Respected conservationists Peter Berle and Pete Grannis were undoubtedly linked to each other when they made the rounds in Albany in the spring of 2007, after then-Gov. Eliot Spitzer nominated Grannis to be commissioner of the New York Department of Environmental Conservation (DEC).

Berle led the DEC under Gov. Hugh Carey from 1976-79, and he and Grannis had both held the same State Assembly seat for Manhattan’s Upper East Side. Grannis, like Berle, was a long-time friend to New York’s environment and had substantial support from the environmental community.

Now there’s a third link: both commissioners were fired from the state environmental department after stormy tenures. What’s different this time around is the state of affairs at DEC. The agency Grannis left behind is plagued by budget cuts and controversy over New York’s most pressing environmental issue today – proposed gas drilling upstate.

Here’s a bit of history. Berle, the son of an aide to Franklin Delano Roosevelt, was an aggressive environmental advocate in the legislature and continued to fight those battles as head of DEC, a visible and expanding agency at the time. He took enforcement action against the Love Canal chemical dump site at Niagara Falls and sued General Electric for contaminating the Hudson River with PCBs. But the commissioner got caught in the cross-fire of the most contentious environmental issue in the Carey years – the proposed construction of Westway, a four-mile stretch of highway on Manhattan’s West Side.

The old highway was beginning to crumble after years of neglect, and the federal government promised the Koch administration extensive subsidies for the project. A broad, powerful coalition of developers, financial institutions, construction unions, political party apparatchiks, and even the Army Corps of Engineers supported the plan.
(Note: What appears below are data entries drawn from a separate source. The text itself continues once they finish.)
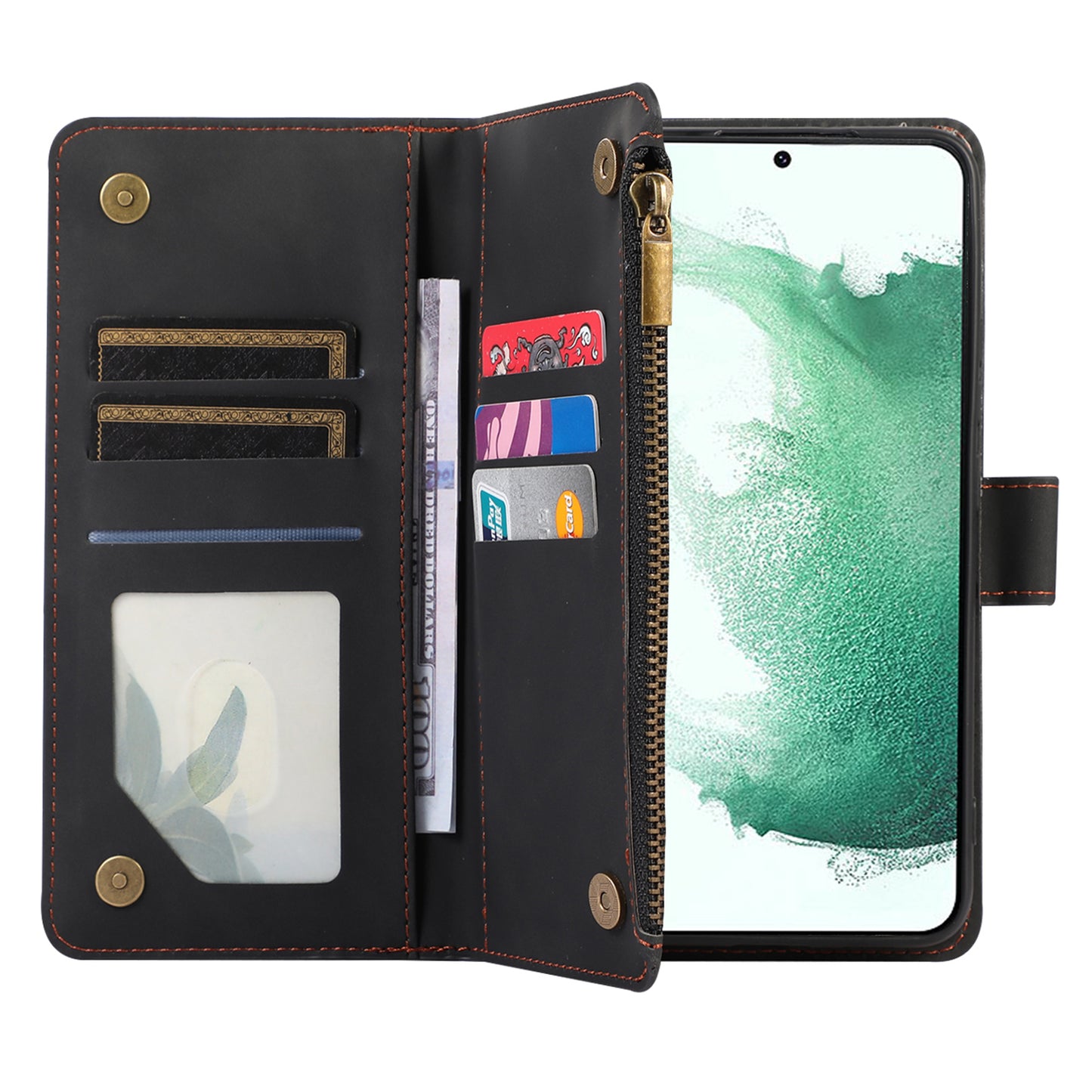 For Samsung Galaxy S21 FE 5G Zipper Pocket 9 Card Slots Phone Case PU Leather Wallet Stand Anti-drop Cover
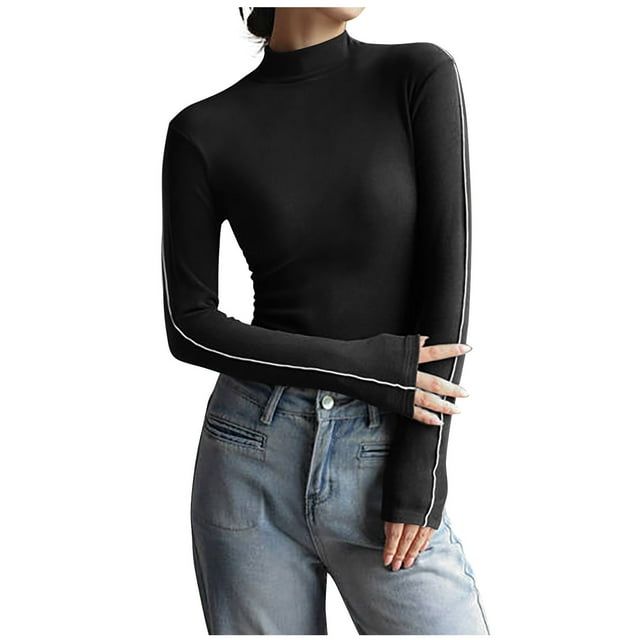 Timegard Tops for Women Ruffle High Neck Long Sleeve Tshirts Fall Casual Warm Slim Tops Undershirts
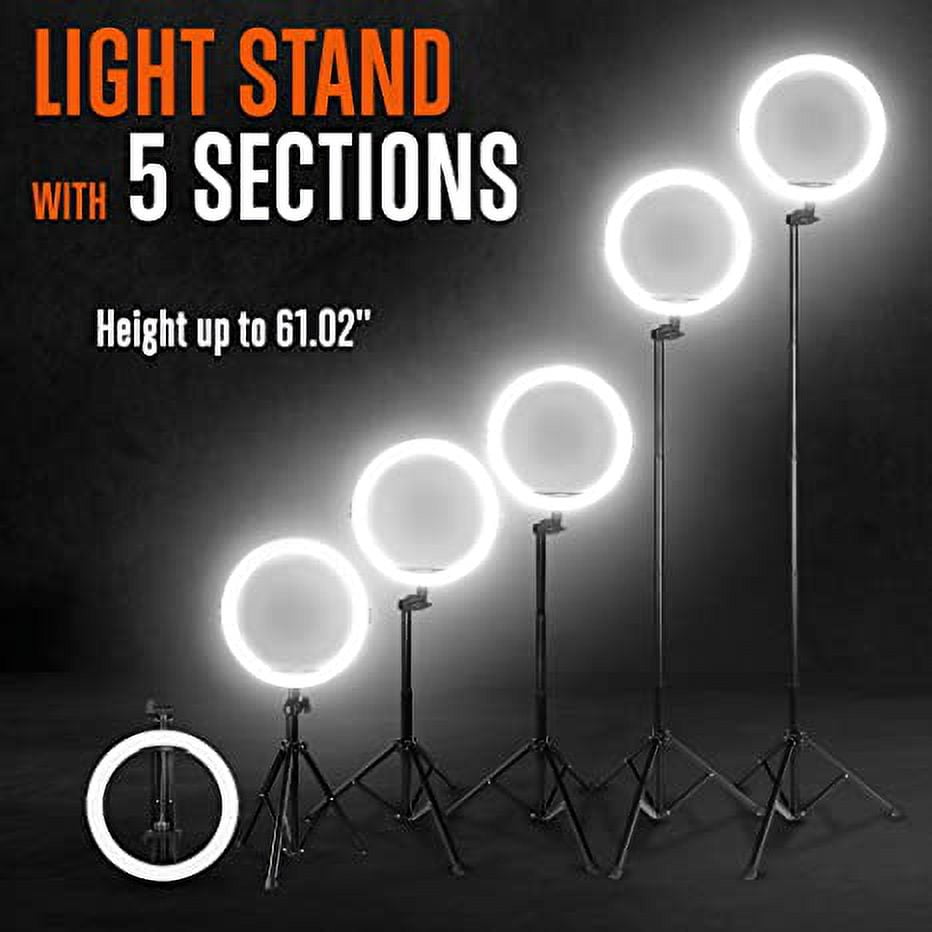 Squatz 11" LED 12W Selfie Ring Light R11 W/ Wire Control, Tripod Stand W/ 5 Section & Holder, Black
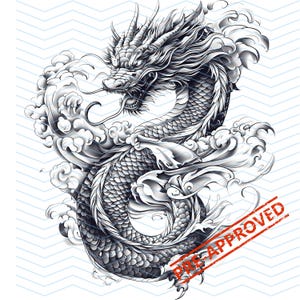 Japanese Dragon Tattoo Design | Clip Art  | iPhone Wallpaper |   Printable SVG Template | PNG| Digital Download | T-Shirt Decal | Wall Art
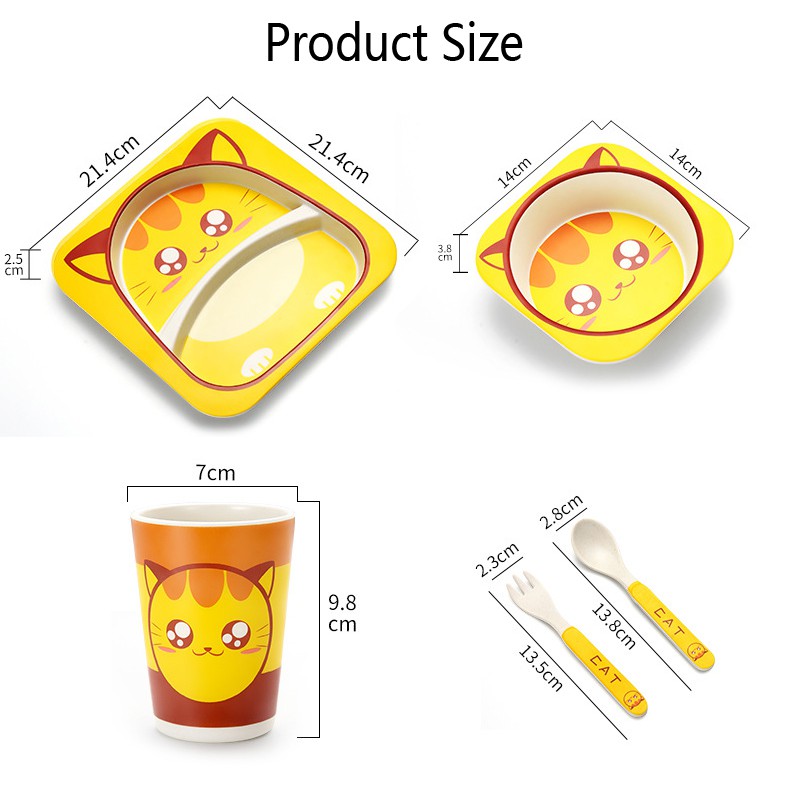 Bộ Dụng Cụ Ăn Uống Bằng Sợi Tre Họa Tiết Khủng Long Hoạt Hình Cho Bé
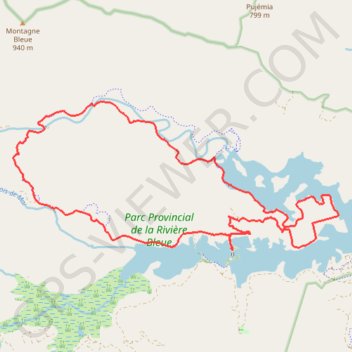 Itinéraire Raid La Pérignon - Parc Provincial de La Rivière Bleue, distance, dénivelé, altitude, carte, profil, trace GPS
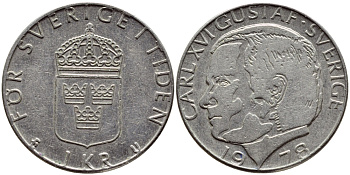 Швеция 1 крона 1978 Карл XVI Густав (1973- ) KM 852 медь плакированная медно-никелем 4397-854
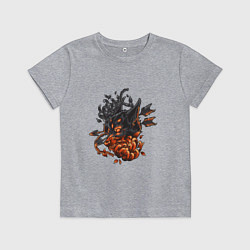 Футболка хлопковая детская Волк с цветком, цвет: меланж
An army of lobbyists descended on Albany to get the required approvals for the $2 billion highway segment, the most expensive project of its type in history.

Environmentalists fought back along a multitude of fronts, citing potential impacts on endangered species as well as probable clean air and clean water impacts. After Berle denied the developers necessary Clean Air Act permits, the Westway lobby went into high attack-mode. Carey fired Berle in 1979, with broad public ramifications. Berle moved on in his distinguished career, leading the National Audubon Society for decades.

Grannis, on the other hand, headed DEC until Gov. Paterson booted him out last month in the heat of record budget cuts inflicted on the agency. The reason? An unsigned, undated internal memo was leaked to the press, stating that in light of another round of job cuts, “DEC is in the weakest position that it has been since it was created 40 years ago...many of our programs are hanging by a thread. The public would be shocked to learn how thin we are.”

There’s no question that DEC has been disproportionately hit by cuts. Paterson’s latest round of job cuts proposes laying off another 209 people at the agency, which would bring the total loss to over 800 staff members since 2008. That means that more heads are rolling in New York’s environmental enforcement world than anywhere else in his administration.

Fewer staff, of course, means fewer enforcement actions – fewer petroleum spills cleaned up and fewer environmental reviews. Bob Sweeney, the Long Island Democrat who chairs the Assembly Environmental Conservation Committee, told the Albany Times-Union that the state is “unable to access federal funding for ourselves and not-for-profit agencies because DEC no longer has the people to do the paperwork. How dumb is that?"

So there’s not enough staff to inspect, investigate, analyze or even raise available money out there to keep the agency’s programs running. Grannis denies responsibility for the leak but has come out swinging to protest the evisceration his former agency. Like Berle, Grannis has another act coming – but DEC is in dire straits, possibly crippled. His departure leaves the agency weakened and vulnerable to further decline.

The incoming Cuomo administration needs to consider the agency’s crisis in the next budget round – and in its approach to the controversial hydrofracking. This disruptive industrialization of rural New York will require massive regulatory and enforcement resources, far beyond DEC’s current condition.